The 28th edition of the parade converted almost the entire Argentine capital, Buenos Aires, into a massive venue to celebrate freedom of gender identities.
Thousands of revelers marched on Saturday through the streets of Buenos Aires for the annual pride parade to celebrate queer diversity and demand rights for the lesbian, gay, bisexual, transgender, intersex and queer (LGBTIQ) community.
Participants began to gather in the morning at the Plaza de Mayo. They marched towards the National Congress building in the afternoon via the Avenida de Mayo, which was quickly flooded with multicolored flags and floats and music.
While the first pride march in 1992 was attended by only 300 people, on Saturday thousands, mostly young, took to the streets to dance, celebrate sexual diversity and demand a country “without institutional and religious violence” and an end to “hate crimes.”

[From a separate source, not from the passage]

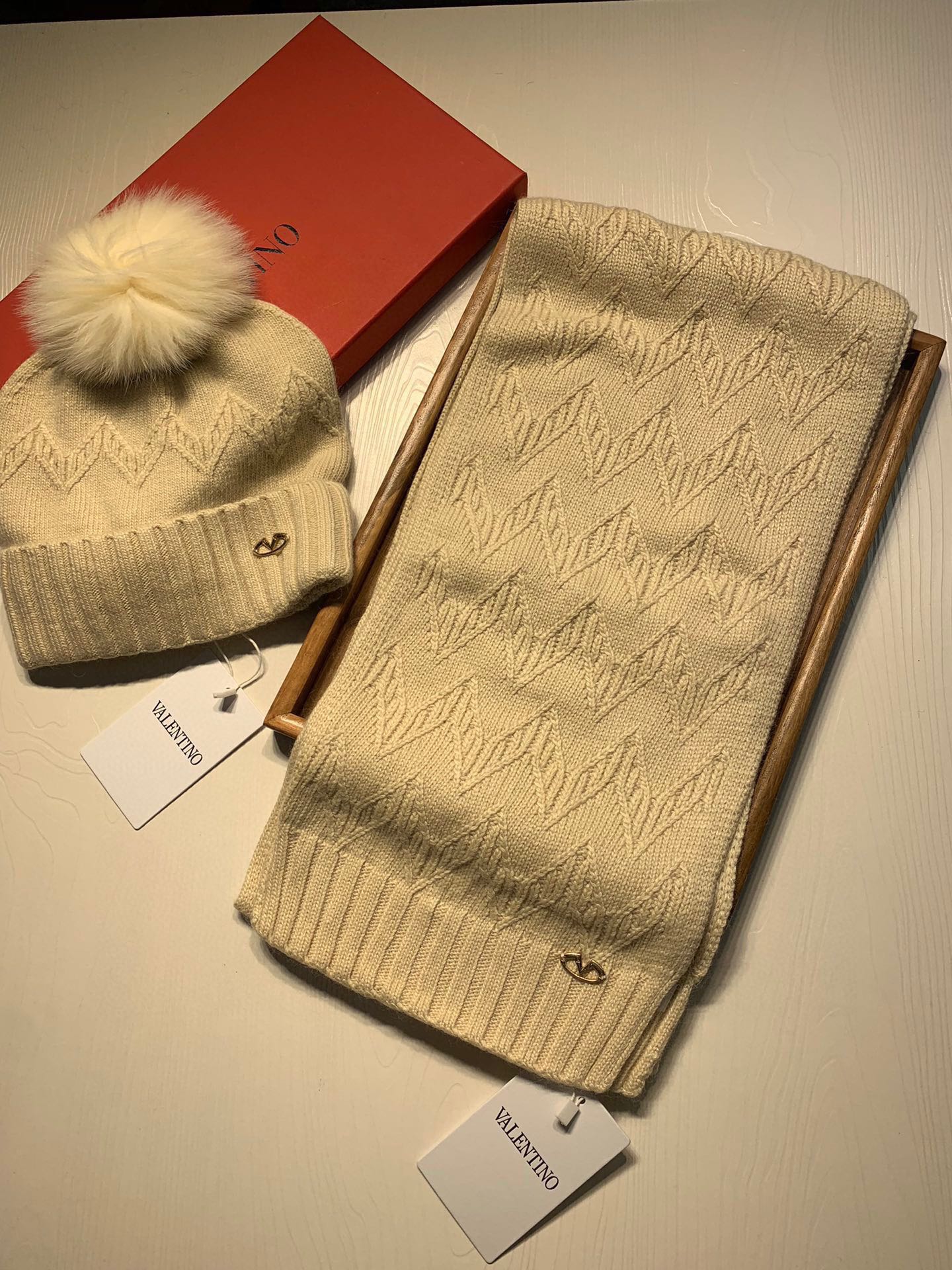 [Valentino Hats] Valentino [Wool suit hat with fox fur ball] Classic suit hat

In Argentina, the march is held in November commemorating the establishment of “Nuestro Mundo” (Our World), the first gay group to begin operating in the South American country in 1967.
“For us, it is important because this (is the result of) years and years of people who fought, and we must continue to fight and achieve many rights to make society truly diverse and equal for everyone,” Ramiro Velasco, one of the participants, told EFE.
Velasco has been attending the event for over 10 years since he came out as homosexual. But the latest edition was special for him because it is the first time that he and his partner, Lionel Benin, have brought their daughter.
“I am delighted that there are so many people, every year we are more and it is a party. And one can tell that the people in the street, those not participating in the march, view it differently, there are increasingly fewer people who look down on it,” he added.
The event also had a political presence with floats supporting Frente de Todos, the Peronist coalition led by Alberto Fernandez, who won the general elections held in the country on Oct. 27 and will be sworn in as the next president on Dec. 10.
The marchers demanded legal, safe and free abortion for pregnant women, the eradication of sexism, xenophobia and racism, and the implementation of a comprehensive sex education curriculum.
The parade also called for compliance with the trans employment quota and the end of violence against diversity and dissent.
Nelson, a Venezuelan national residing in the Argentine capital for two years, told EFE that it was a “relief” to be able to come out on the streets and celebrate this day.
“Here in Buenos Aires there is still a lot missing, but in other parts of the world, it is impossible to go out and march, to express your freedom and your desire to love someone. There’s still a lot to be done,” he said.